**How to complete this task**
Using the data below, reproduce exactly the lines from the line with "A wooden deck" to the line with "Bilgisayar ekranındaki ses", both included; pictures must be dropped.
* * *
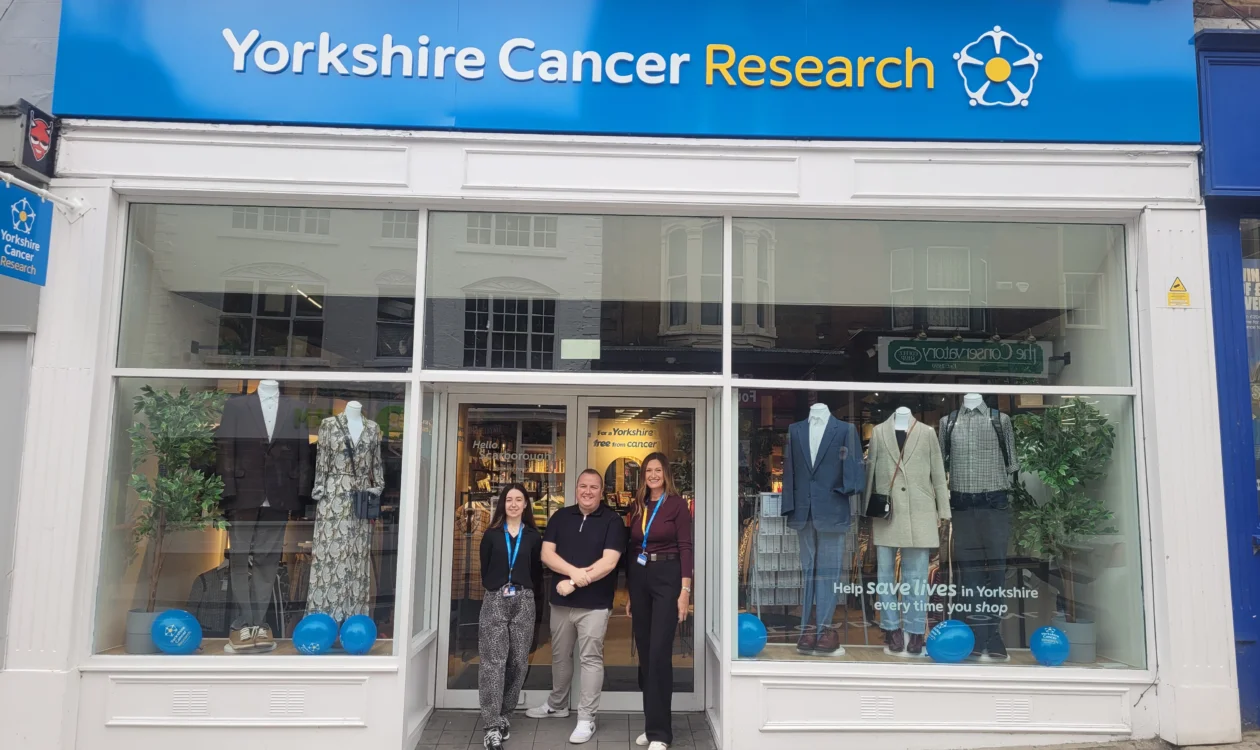 Employees in front of the Yorkshire Cancer Research Scarborough shop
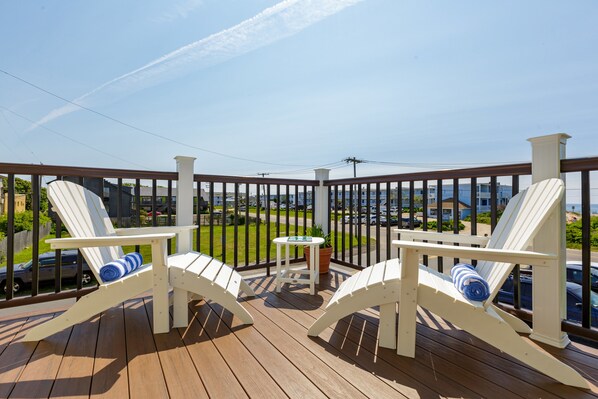 A wooden deck with two white Adirondack chairs and a small table, overlooking a parking area and buildings.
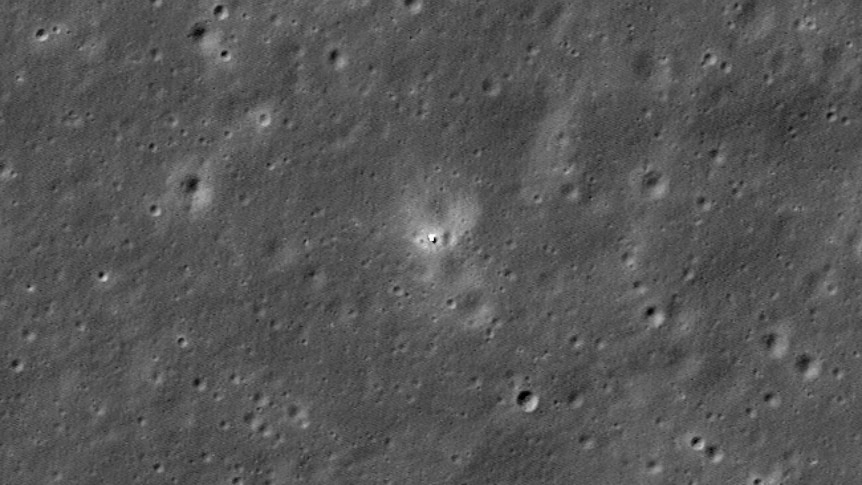 A satellite image of a tiny white dot surrounded by moon craters 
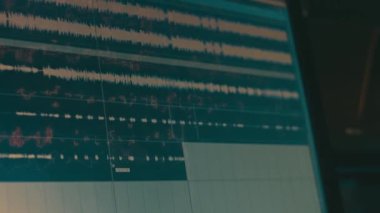 Bilgisayar ekranındaki ses dalgaları. Müzik için ses kaydı. Kayıt stüdyosu veya radyo. Zayıf ışık.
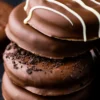 A close-up stack of chocolate-covered sandwich cookies featuring different toppings, including white chocolate drizzle and crushed cookies, set against a black background.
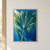 Large blue-green fan palm leaf cropped at the top and sides, with a smaller curled frond beside the stem against a vivid blue wall.; frame shown for styling only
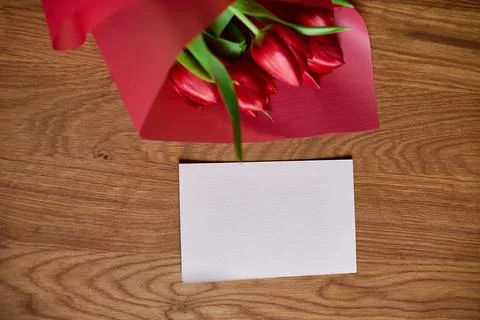 Top view empty card with  red tulips flowers in red paper wrapper with gift b Stock Photos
* * *
**Expected answer**
 A wooden deck with two white Adirondack chairs and a small table, overlooking a parking area and buildings.
 A satellite image of a tiny white dot surrounded by moon craters 
 Bilgisayar ekranındaki ses dalgaları. Müzik için ses kaydı. Kayıt stüdyosu veya radyo. Zayıf ışık.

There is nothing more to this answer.